**Problem description**
All lines below between the line with "soil and rock" and the line with "Autor: Bojan Jokanović", including both, must be copied exactly, and the pictures must be omitted.

►

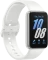 Samsung Galaxy Fit3 Aktivitäts-Tracker prism crush white Vorschaubild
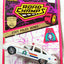 Road Champs RCMP Royal Canadian Mounted Police Chevy Caprice 1:43 - TulipStuff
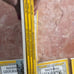 Lots of 14 vintage the National Geograph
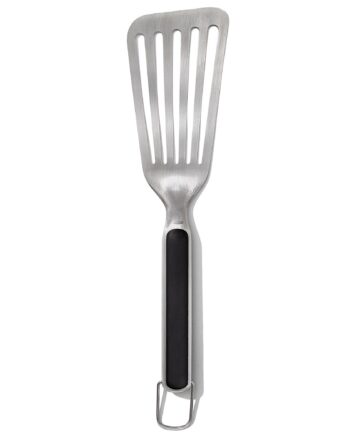 Oxo Fleksibel Grillspade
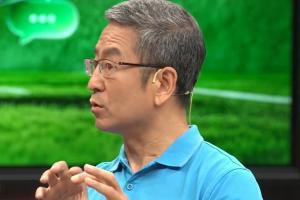 捷克vs南非-8-南非大战世界杯墨西哥直播入口_南非大战世界杯墨西哥直播入口在线观看_免费看直播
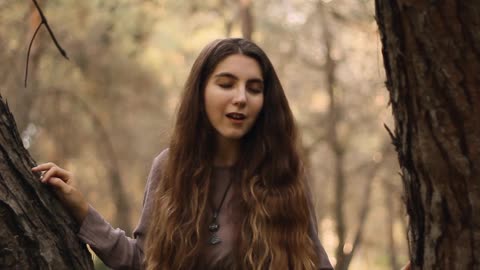 Assassin's Creed Valhalla - Voices of Fornburg - Cover by Dryante & Ellyn Storm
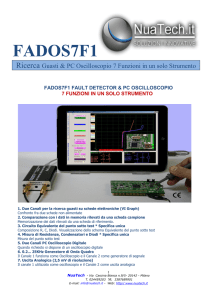 Brochure FADOS7F1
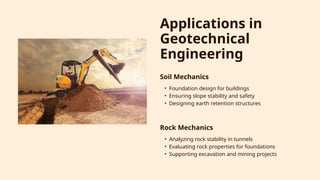soil and rock mechanics in geotechnical engineering.PPTX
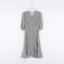 翠贝卡TR/BECA 2025 春 服装 女裙装 连衣裙 T5106R01L121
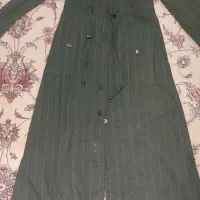 تعدای مانتو|لباس|قم, لبچال|دیوار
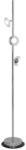MILAGRO LED Lampadar ELLIPSE LED/15W/230V (MI0047)
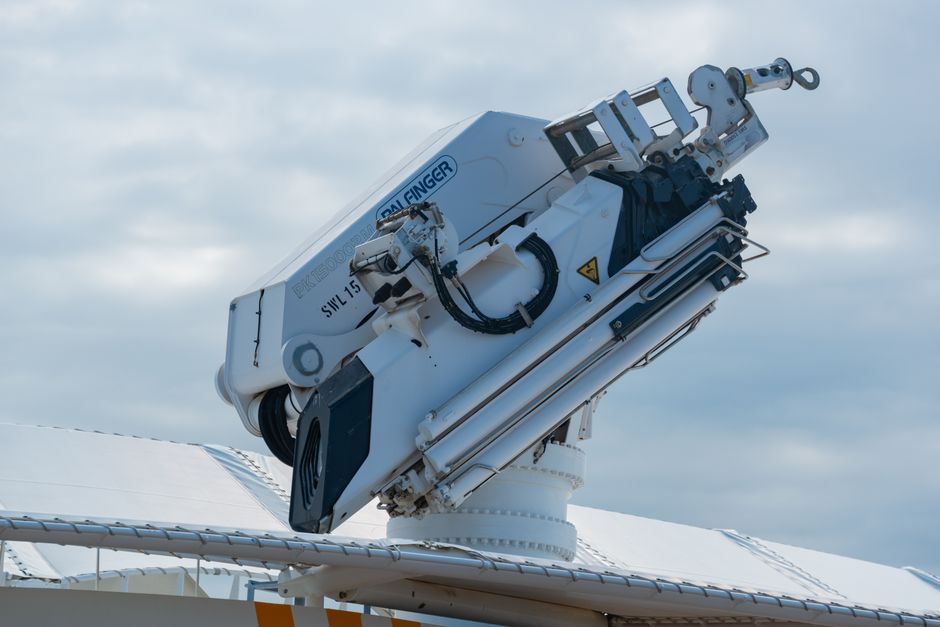 Rheinmetall und die Rüstungsindustrie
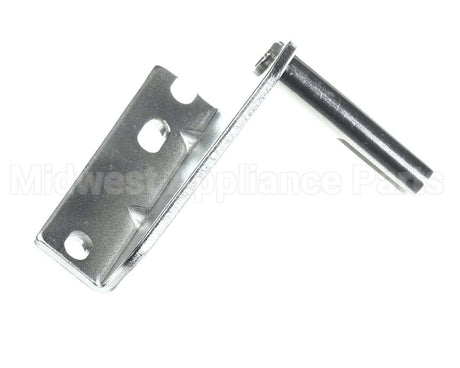 HD HNG1709 Randell Hinge Top Right- R-Series All Top Right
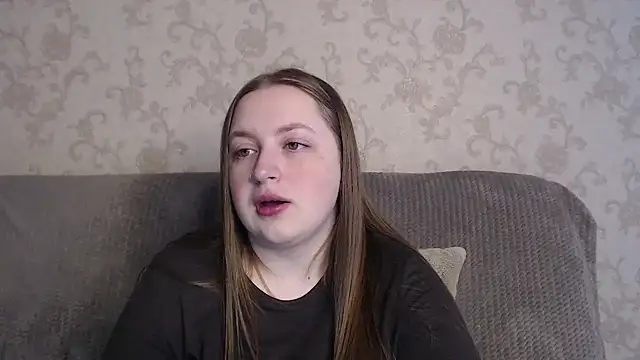 GirlPlayer online show from 03/27/26, 08:26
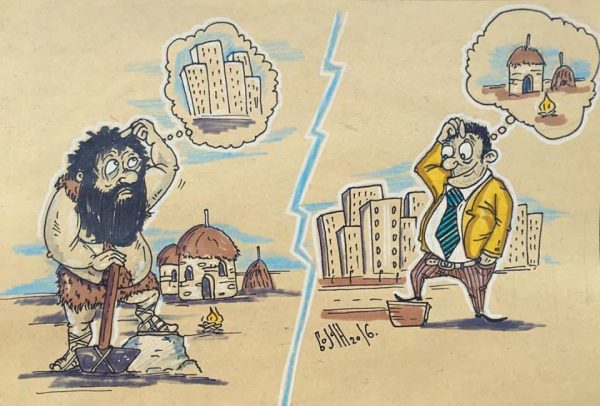 Autor: Bojan Jokanović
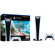 Sony PlayStation 5: Picture 1 thumbnail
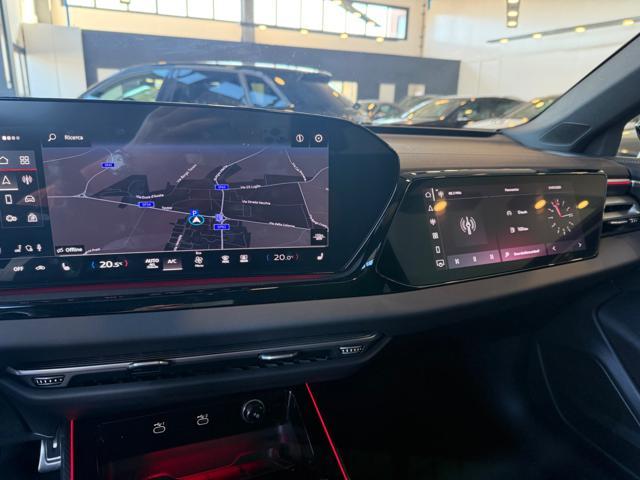 AUDI A6 Avant 40 2.0 TDI S tronic S line edition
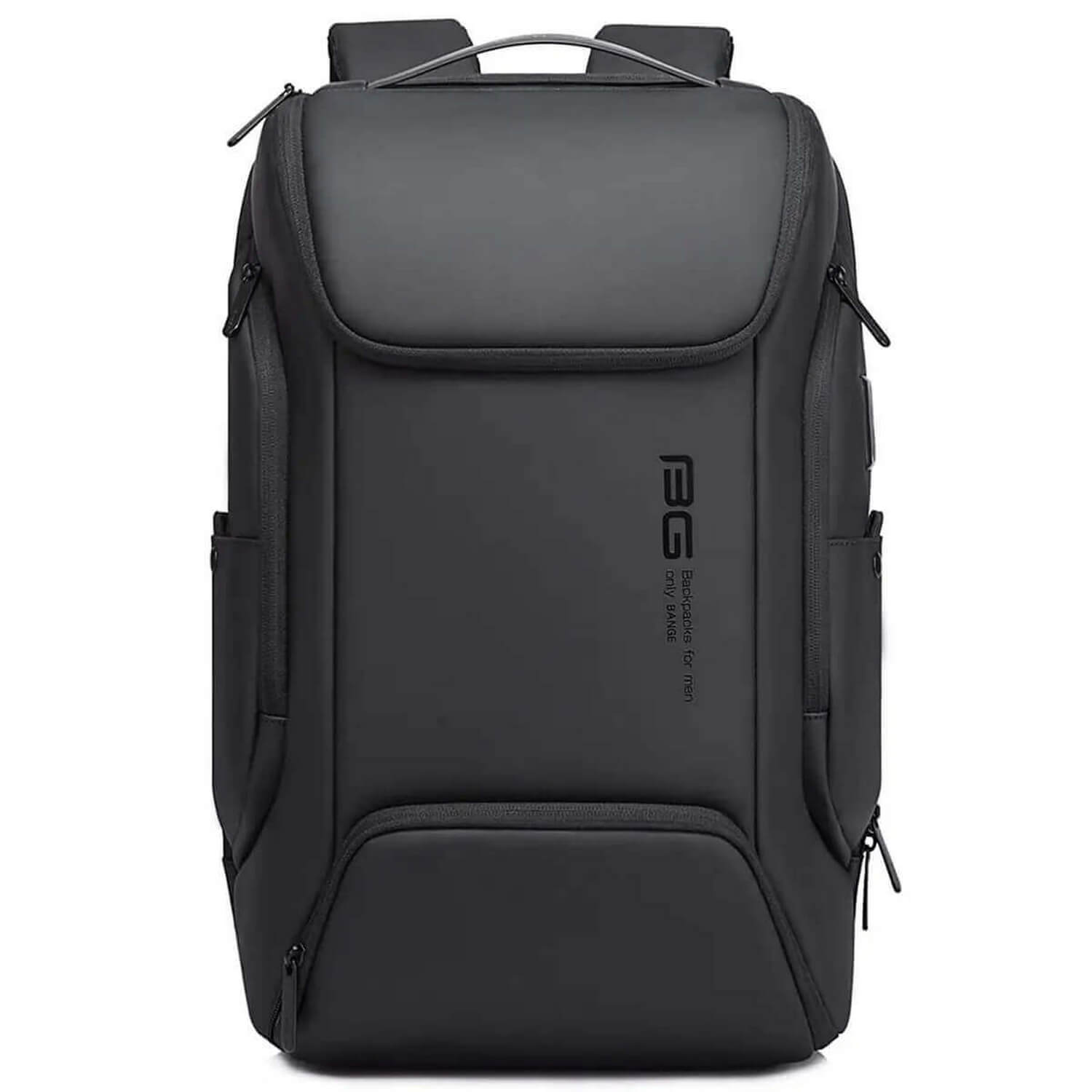 Laptoprucksack 16 Zoll AIR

◄

**Written response**
soil and rock mechanics in geotechnical engineering.PPTX
 翠贝卡TR/BECA 2025 春 服装 女裙装 连衣裙 T5106R01L121
 تعدای مانتو|لباس|قم, لبچال|دیوار
MILAGRO LED Lampadar ELLIPSE LED/15W/230V (MI0047)
 Rheinmetall und die Rüstungsindustrie
 HD HNG1709 Randell Hinge Top Right- R-Series All Top Right
 GirlPlayer online show from 03/27/26, 08:26
 Autor: Bojan Jokanović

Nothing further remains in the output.